Use your graphing utility. Graph \(f(x)=\tan ^{-1} x\) together with its first two derivatives. Comment on the behavior of \(f\) and the shape of its graph in relation to the signs and values of \(f^{\prime}\) and \(f^{\prime \prime}\).

Short Answer

Expert verified
\( f(x) = \tan^{-1}(x) \) increases with decreasing slope; \( f'(x) > 0 \) and \( f''(x) \) indicates concavity changes at \( x = 0 \).

Step by step solution

01

Understanding the Function

The function given is the inverse tangent function \( f(x) = \tan^{-1}(x) \).
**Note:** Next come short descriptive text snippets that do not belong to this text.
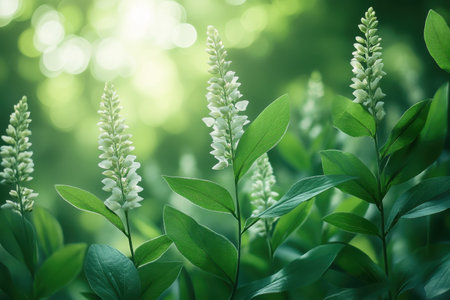 Tall white flowers rise gracefully among vibrant green leaves in the morning light.の写真素材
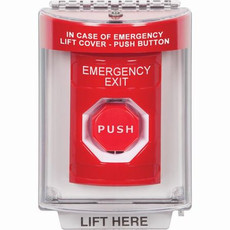 SS2042EX-EN STI Red Indoor/Outdoor Flush w/ Horn Key-to-Reset (Illuminated) Stopper Station with EMERGENCY EXIT Label English
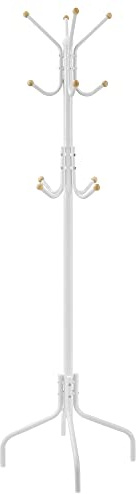 SONGMICS Garderobenständer aus Stahl, mit 12 Haken, 4 Beine | Garderobe, Jackenständer für Mäntel, Hüte, Taschen, für Flur, Schlafzimmer, Büro, Weiß, ALAN Kollektion RCR031W01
The inverse tangent function, also known as the arctan function, outputs angles for given input values, and its range is \((-\pi/2, \pi/2)\).
02

Compute the First Derivative

The first derivative of the function \( f(x) = \tan^{-1}(x) \) is \( f'(x) = \frac{d}{dx}\tan^{-1}(x) = \frac{1}{1+x^2} \). This derivative gives us the slope of the tangent line to the function at any given point.
03

Compute the Second Derivative

The second derivative involves differentiating \( f'(x) = \frac{1}{1+x^2} \). Using the chain rule, we find \( f''(x) = \frac{-2x}{(1+x^2)^2} \). This helps us understand the concavity of the function.
04

Graph the Functions

Use a graphing utility to plot \( f(x) = \tan^{-1}(x) \), \( f'(x) = \frac{1}{1+x^2} \), and \( f''(x) = \frac{-2x}{(1+x^2)^2} \). Observe how each graph relates to the original function. Note that \( f'(x) \) is always positive but decreases as \( x \) moves away from zero, indicating \( f(x) \) is increasing and flattening out. The second derivative \( f''(x) \) indicates \( f(x) \) is concave downward when \( x > 0 \) and concave upward when \( x < 0 \).
05

Analyze the Behavior

The function \( f(x) = \tan^{-1}(x) \) increases towards its horizontal asymptotes at \( y = \pi/2 \) and \( y = -\pi/2 \). \( f'(x) \) indicates the rate of increase slows as \( x \) moves away from zero. \( f''(x) \) changes sign at \( x = 0 \), confirming the concavity behavior observed from the graph.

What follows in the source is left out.